Pan-seared sea bass with samphire that quintessentially British summer plate gains Mediterranean sophistication with a generous drizzle of Chétoui (2500 Years of Tradition the Origins) just before serving. The oil’s peppery character complements the fish beautifully while enhancing the samphire’s natural brine. Suddenly you’re eating something that feels restaurant-quality, achieved with nothing more than good ingredients and thoughtful oil choice.

Garden party spreads transform entirely. Hummus becomes memorable when you create a well in the center and fill it with Chétoui, letting guests drag their bread through that aromatic pool. Labneh gets luxury treatment with Chemlali and a scattering of za’atar. Even simple tapenade gains new dimension when finished with an oil that shares its North African heritage.

The point isn’t complicated recipes.

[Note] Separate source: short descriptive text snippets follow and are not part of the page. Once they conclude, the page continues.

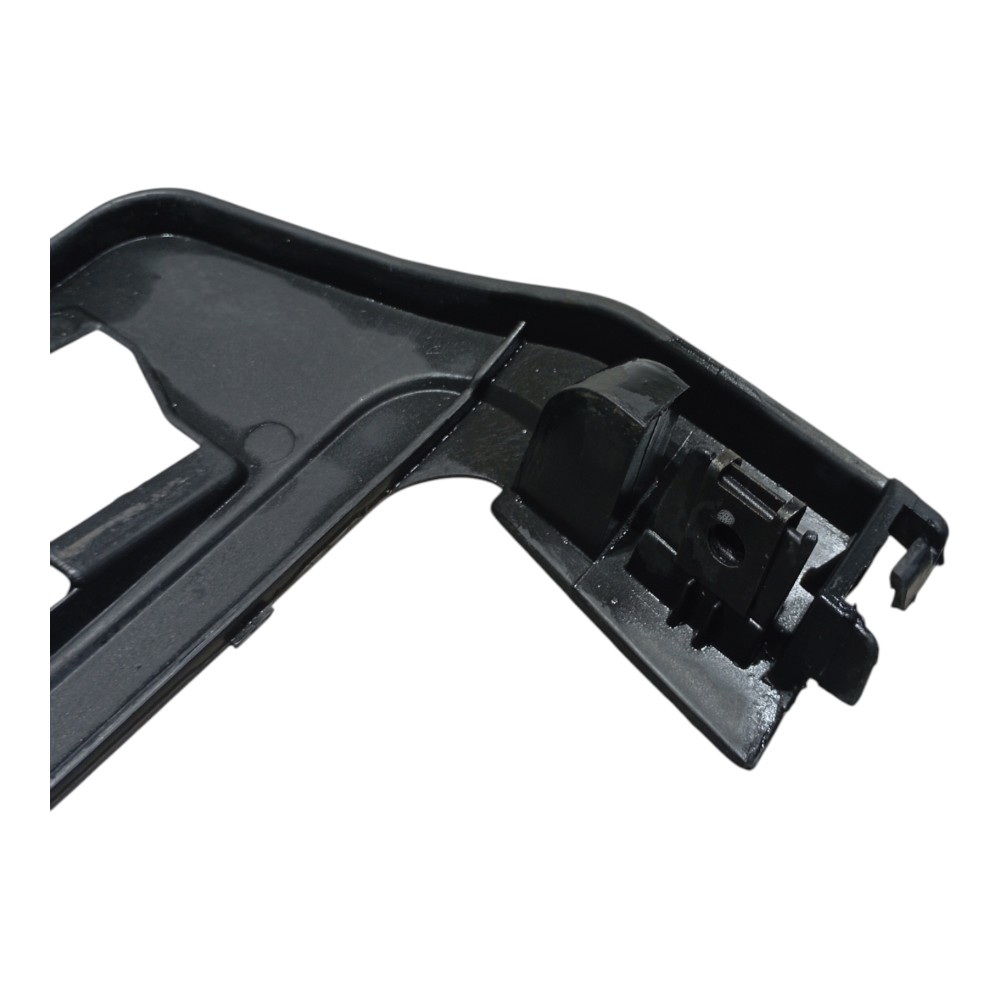 Suporte Guia Parachoque Traseiro Esquerdo Vw Jetta 2007 3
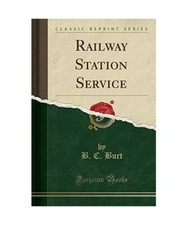Bahnhofsdienst . burt gebraucht kaufen  Trebbin
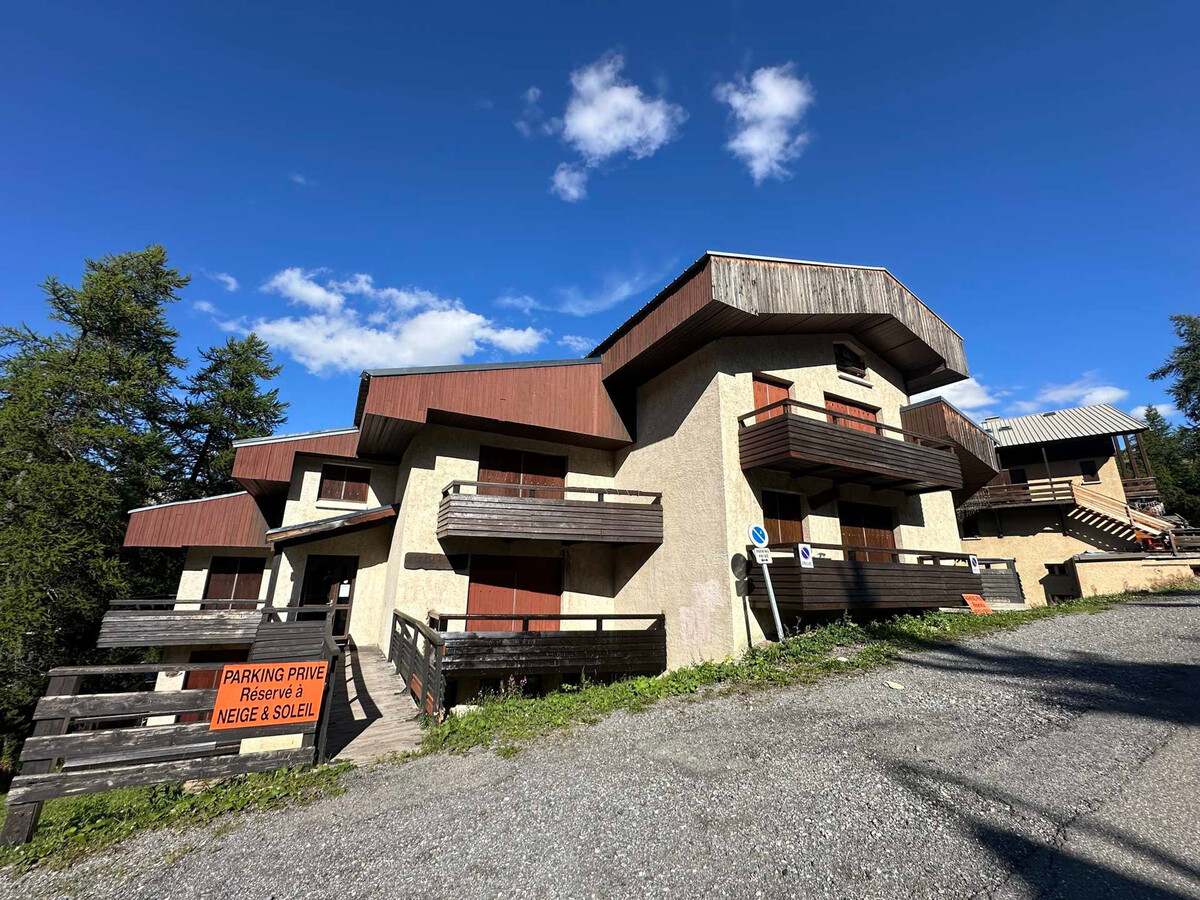 T3 rénové à Vars, proche pistes et centre, animaux ok - Photo 18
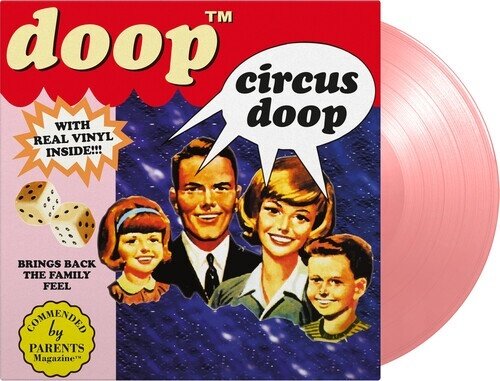 Doop - Circus Doop 2022 Reissue, Music On Vinyl, Colored, LP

It’s that summer cooking thrives on quality ingredients used simply and olive oil, when chosen thoughtfully, elevates rather than just accompanies.

For breakfast: Toast topped with mashed avocado, flaky sea salt, and Chemlali instead of butter. The oil adds richness without heaviness.

For lunch: A platter of grilled vegetables; courgettes, peppers, aubergine still warm, drizzled with Chétoui and scattered with mint. Simple perfection.

For dinner: Burrata torn open, surrounded by ripe peaches, finished with Chemlali and cracked black pepper. Sweet, creamy, fruity summer on a plate.

These recipes work with any good olive oil, of course. But there’s genuine pleasure in discovering how different oils bring different dimensions to familiar dishes. The oils integrate seamlessly into how we already cook, they simply expand what’s possible within that comfortable framework.

The British summer kitchen thrives on discovery: new ingredients from the market, unexpected flavor combinations, the pleasure of trying something unfamiliar and finding it works beautifully. Tunisian olive oil fits naturally into this spirit not as a replacement for beloved classics, but as a welcome addition to our culinary vocabulary.

Chemlali and Chétoui offer something genuinely different: distinct flavor profiles shaped by unique terroir and ancient cultivation traditions. They’re not asking you to abandon anything you love. They’re simply inviting you to explore more, taste more, and discover that the world of exceptional olive oil is richer and more diverse than the supermarket shelf might suggest. In a season built around simplicity and quality, that’s an opportunity worth taking.